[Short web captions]

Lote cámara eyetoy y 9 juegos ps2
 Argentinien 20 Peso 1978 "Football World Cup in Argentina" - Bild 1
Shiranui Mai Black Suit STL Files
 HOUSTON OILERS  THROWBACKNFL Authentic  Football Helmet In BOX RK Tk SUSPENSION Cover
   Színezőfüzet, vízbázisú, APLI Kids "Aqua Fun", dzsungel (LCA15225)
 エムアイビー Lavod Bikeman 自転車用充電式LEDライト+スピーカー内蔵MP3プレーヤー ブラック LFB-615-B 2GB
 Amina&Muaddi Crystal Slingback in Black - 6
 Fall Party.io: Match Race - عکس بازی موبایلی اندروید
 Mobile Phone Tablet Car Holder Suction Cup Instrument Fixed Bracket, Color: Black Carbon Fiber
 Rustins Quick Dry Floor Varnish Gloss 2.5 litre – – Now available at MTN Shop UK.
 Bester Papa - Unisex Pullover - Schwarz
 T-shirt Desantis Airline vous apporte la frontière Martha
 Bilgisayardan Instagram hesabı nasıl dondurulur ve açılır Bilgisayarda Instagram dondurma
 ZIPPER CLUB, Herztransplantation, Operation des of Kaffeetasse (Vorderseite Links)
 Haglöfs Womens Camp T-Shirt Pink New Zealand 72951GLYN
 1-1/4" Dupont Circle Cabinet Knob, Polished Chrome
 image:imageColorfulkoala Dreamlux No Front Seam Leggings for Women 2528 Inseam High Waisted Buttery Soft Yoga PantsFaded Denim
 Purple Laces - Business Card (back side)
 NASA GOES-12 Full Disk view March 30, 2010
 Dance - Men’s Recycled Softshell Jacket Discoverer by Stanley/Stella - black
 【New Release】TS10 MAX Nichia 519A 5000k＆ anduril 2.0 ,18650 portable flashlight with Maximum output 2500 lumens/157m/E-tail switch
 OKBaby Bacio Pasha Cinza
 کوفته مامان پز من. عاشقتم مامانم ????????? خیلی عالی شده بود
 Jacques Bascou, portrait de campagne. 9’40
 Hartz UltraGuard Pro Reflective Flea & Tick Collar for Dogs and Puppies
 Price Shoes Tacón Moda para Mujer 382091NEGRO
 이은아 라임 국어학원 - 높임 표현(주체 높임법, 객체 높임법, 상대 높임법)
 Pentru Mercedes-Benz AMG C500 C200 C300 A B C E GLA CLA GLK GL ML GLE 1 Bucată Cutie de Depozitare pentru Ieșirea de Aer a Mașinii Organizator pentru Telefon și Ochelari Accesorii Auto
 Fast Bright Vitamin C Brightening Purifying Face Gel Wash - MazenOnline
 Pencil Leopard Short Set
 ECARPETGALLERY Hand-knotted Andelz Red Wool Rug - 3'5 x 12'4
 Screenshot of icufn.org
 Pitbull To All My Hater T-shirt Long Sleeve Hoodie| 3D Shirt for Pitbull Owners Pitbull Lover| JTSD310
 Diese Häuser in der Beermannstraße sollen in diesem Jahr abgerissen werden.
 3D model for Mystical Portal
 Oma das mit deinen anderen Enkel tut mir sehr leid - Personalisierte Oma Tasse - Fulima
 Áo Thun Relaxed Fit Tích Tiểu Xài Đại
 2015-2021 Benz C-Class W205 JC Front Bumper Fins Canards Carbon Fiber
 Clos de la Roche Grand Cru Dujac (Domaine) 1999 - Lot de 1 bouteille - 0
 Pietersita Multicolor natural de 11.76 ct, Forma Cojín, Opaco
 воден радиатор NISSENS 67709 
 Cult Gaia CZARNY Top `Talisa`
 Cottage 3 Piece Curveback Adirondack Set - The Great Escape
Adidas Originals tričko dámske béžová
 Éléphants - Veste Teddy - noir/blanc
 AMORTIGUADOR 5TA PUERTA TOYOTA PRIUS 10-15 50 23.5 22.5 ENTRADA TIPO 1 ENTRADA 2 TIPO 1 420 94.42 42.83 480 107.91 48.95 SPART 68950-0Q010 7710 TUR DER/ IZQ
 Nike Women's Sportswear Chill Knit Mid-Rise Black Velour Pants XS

▶ [What needs to be done] The answer should hold only the lines from the start of the records above through the line containing "Pitbull To All", each set down exactly.

▶ [Solution to the problem]
Lote cámara eyetoy y 9 juegos ps2
 Argentinien 20 Peso 1978 "Football World Cup in Argentina" - Bild 1
Shiranui Mai Black Suit STL Files
 HOUSTON OILERS  THROWBACKNFL Authentic  Football Helmet In BOX RK Tk SUSPENSION Cover
   Színezőfüzet, vízbázisú, APLI Kids "Aqua Fun", dzsungel (LCA15225)
 エムアイビー Lavod Bikeman 自転車用充電式LEDライト+スピーカー内蔵MP3プレーヤー ブラック LFB-615-B 2GB
 Amina&Muaddi Crystal Slingback in Black - 6
 Fall Party.io: Match Race - عکس بازی موبایلی اندروید
 Mobile Phone Tablet Car Holder Suction Cup Instrument Fixed Bracket, Color: Black Carbon Fiber
 Rustins Quick Dry Floor Varnish Gloss 2.5 litre – – Now available at MTN Shop UK.
 Bester Papa - Unisex Pullover - Schwarz
 T-shirt Desantis Airline vous apporte la frontière Martha
 Bilgisayardan Instagram hesabı nasıl dondurulur ve açılır Bilgisayarda Instagram dondurma
 ZIPPER CLUB, Herztransplantation, Operation des of Kaffeetasse (Vorderseite Links)
 Haglöfs Womens Camp T-Shirt Pink New Zealand 72951GLYN
 1-1/4" Dupont Circle Cabinet Knob, Polished Chrome
 image:imageColorfulkoala Dreamlux No Front Seam Leggings for Women 2528 Inseam High Waisted Buttery Soft Yoga PantsFaded Denim
 Purple Laces - Business Card (back side)
 NASA GOES-12 Full Disk view March 30, 2010
 Dance - Men’s Recycled Softshell Jacket Discoverer by Stanley/Stella - black
 【New Release】TS10 MAX Nichia 519A 5000k＆ anduril 2.0 ,18650 portable flashlight with Maximum output 2500 lumens/157m/E-tail switch
 OKBaby Bacio Pasha Cinza
 کوفته مامان پز من. عاشقتم مامانم ????????? خیلی عالی شده بود
 Jacques Bascou, portrait de campagne. 9’40
 Hartz UltraGuard Pro Reflective Flea & Tick Collar for Dogs and Puppies
 Price Shoes Tacón Moda para Mujer 382091NEGRO
 이은아 라임 국어학원 - 높임 표현(주체 높임법, 객체 높임법, 상대 높임법)
 Pentru Mercedes-Benz AMG C500 C200 C300 A B C E GLA CLA GLK GL ML GLE 1 Bucată Cutie de Depozitare pentru Ieșirea de Aer a Mașinii Organizator pentru Telefon și Ochelari Accesorii Auto
 Fast Bright Vitamin C Brightening Purifying Face Gel Wash - MazenOnline
 Pencil Leopard Short Set
 ECARPETGALLERY Hand-knotted Andelz Red Wool Rug - 3'5 x 12'4
 Screenshot of icufn.org
 Pitbull To All My Hater T-shirt Long Sleeve Hoodie| 3D Shirt for Pitbull Owners Pitbull Lover| JTSD310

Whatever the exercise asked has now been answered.